This is best illustrated with an example.

She says that she’s going to be late to his place.

For the text above, we can apply a regex to match occurrences of gendered pronouns, replacing word contractions like “she’s” with the expanded form “she is”, and then count the number of matches. The result in this case is 1 male pronoun and 2 female pronouns. The goal is thus to apply this method on the text of every article in the dataset, and to do so as efficiently and quickly as possible.

Background#

If you’ve been keeping up with the pace of innovation in ML and data science tooling lately, you’ve probably noticed that more Python packages are powered by Rust, and for good reason. Rust is a systems programming language that runs blazingly fast, offers memory safety without a garbage collector, and guarantees thread safety at compile-time. CPU-hungry libraries like Hugging Face’s tokenizers are a testament to this, having long understood these benefits, and are written almost entirely in Rust.

Python users well know that their language is just not suited to tasks involving parallelism and concurrency.
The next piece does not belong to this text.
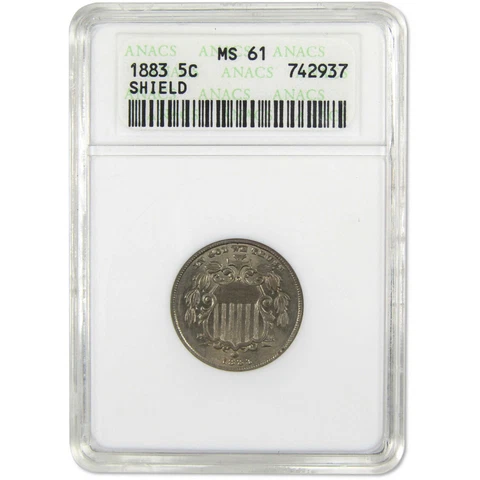 1883 Shield Nickel MS 61 ANACS 5c Uncirculated Coin SKU:I4073 Cover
For CPU-intensive tasks, you can use modules like multiprocessing and concurrent.futures.ProcessPoolExecutor that exploit multiple cores to an extent, but building such pipelines can be surprisingly tedious. The onus is on the developer to select the right number of CPU workers, manage batches of data and handle errors.

As mentioned above, Rust has a fantastic crate called Rayon for data parallelism1. Rust is known for its relatively steep learning curve, and there’s no denying that it’s more complex than Python to get started with. But Rayon is a great example of how a perfect level of abstraction on top of a language’s core features can make complex tasks like parallelism much more accessible to developers.
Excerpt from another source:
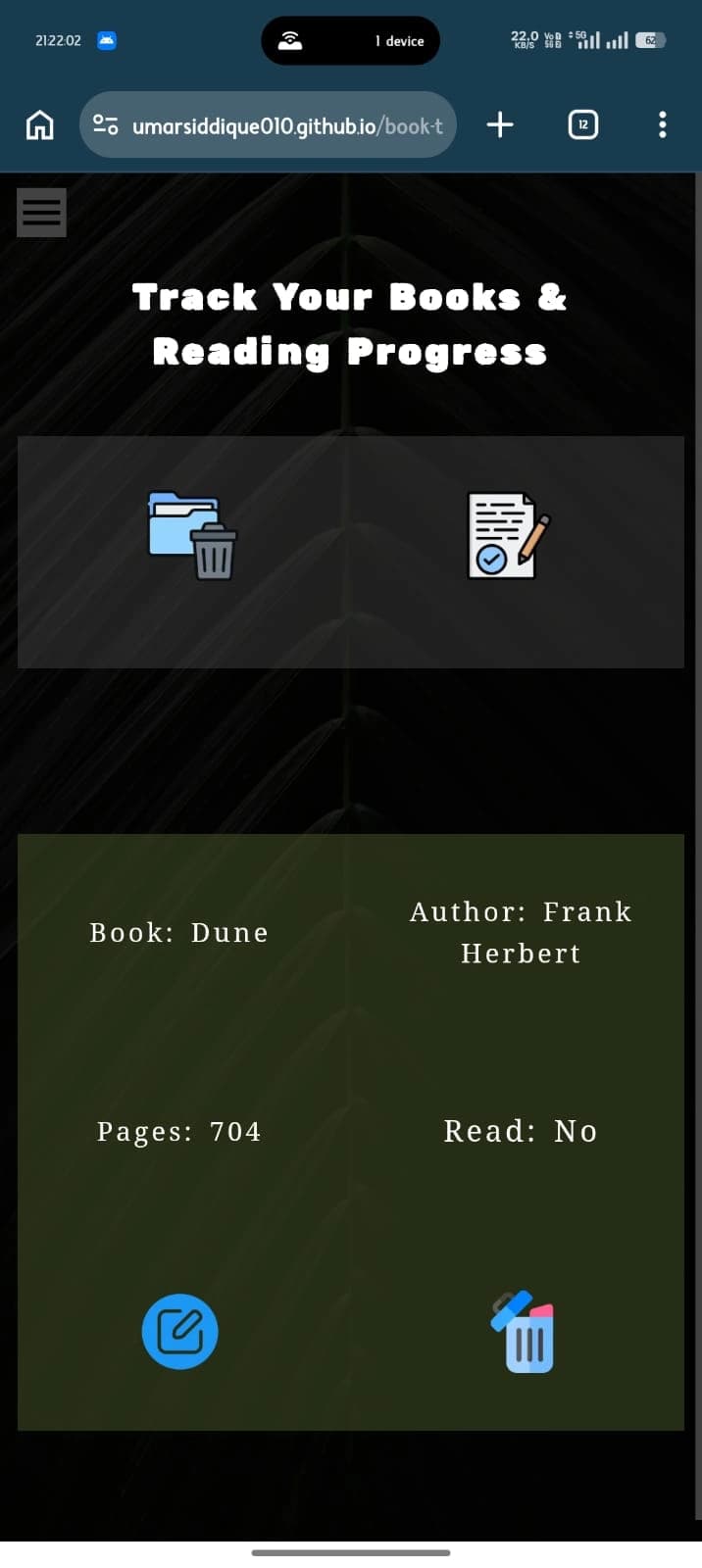 Screenshot of Book Tracker JS Mobile View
Even if you’ve not written a lot of Rust before, you can quickly become proficient enough with Rayon to massively speed up certain data processing tasks without worrying about lower-level primitives like threads, locks, mutexes and so on. If you read the source code of libraries like tokenizers, you’ll see that it uses more complex Rust concepts like lifetimes, traits and generics, but this post will highlight how you can get a LOT out of Rayon without needing to get into those. As is common with most things in Rust, start simply and build up from there! You do not need to be an expert in the language to use it productively. 😇

Iterators and closures in Rust#

This section will go over two important Rust concepts that are needed to follow along with the code shown below. If you’re already familiar with iterator and closure syntax in Rust, feel free to skip ahead to the next section.

In idiomatic Rust, for loops are not as common as in Python, and are often replaced by iterators, which are used to process collections of data in a functional style. Consider the below example of squaring each element of a vector of integers.

// 1. For loop
let nums = vec![1, 2, 3, 4, 5, 6, 7, 8, 9, 10];
let mut nums_squared: Vec<i32> = Vec::new();
for num in nums {
    nums_squared.push(num.pow(2));
}

The for loop version will seem familiar to Python developers. Note that we need to declare nums_squared as mutable because we’re modifying it inside the loop. The push method is used to add elements to the vector.

// 2. Iterator
let nums = vec![1, 2, 3, 4, 5, 6, 7, 8, 9, 10];
let nums_squared: Vec<i32> = nums
    .iter()
    .map(|&x| x.pow(2))
    .collect();

The iterator version first converts the input vector to an iterator via the .iter() method. It then uses a common method in functional programming, map, to apply a squaring function to each element of the nums vector, and then uses the collect method to collect the results into a new vector. The squaring is done via a closure, which is an anonymous function in Rust, kind of analogous to lambda functions in Python. The syntax |&x| x.pow(2) is a closure that takes a reference to an integer x (i.e., it borrows the owned value of x) and returns the integer raised to a power of 2.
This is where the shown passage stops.